Es ist tatsächlich positiv, aber um auch weiterhin Fortschritte zu machen, ist es wichtig, immer wieder kritisch zu betrachten, was man besser machen könnte. Homophobie ist nicht der kleine Bruder von Frauenfeindlichkeit, sie ist ihr Sohn. Das Patriarchat hasst schwule Männer, weil sie sich sexuell „wie Frauen" benehmen, es hasst Lesben, weil sie Frauen sind, die sich „weigern" mit Männern zu schlafen und es hasst Transsexuelle, die so viele dieser vermeintlichen Wahrheiten entlarven.

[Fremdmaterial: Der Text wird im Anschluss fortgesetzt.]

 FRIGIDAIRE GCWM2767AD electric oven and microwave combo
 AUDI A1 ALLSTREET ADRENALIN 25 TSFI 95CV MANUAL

Das Patriarchat schadet uns allen, aber in vielerlei Hinsicht sind schwule Männer in der besten Position, um dazu verführt zu werden, sich mit ihm zu verbrüdern. Natürlich passiert das sehr unterschwellig und ist aus Sicht eine Mannes oft kaum wahrnehmbar. Deswegen ist es entscheidend für alle schwulen Männer auf die Stimmen—und Beschwerden—von Frauen, femininen Schwulen und transsexuellen, nicht-binären Menschen zu hören. Andernfalls stellen sie vielleicht irgendwann fest, dass eine Welt, in der die eigene fragile Freiheit auf Kosten anderer erkauft wurde, in Wirklichkeit beirrend und widersprüchlich ist—und auch keine echte Befreiung bereithält.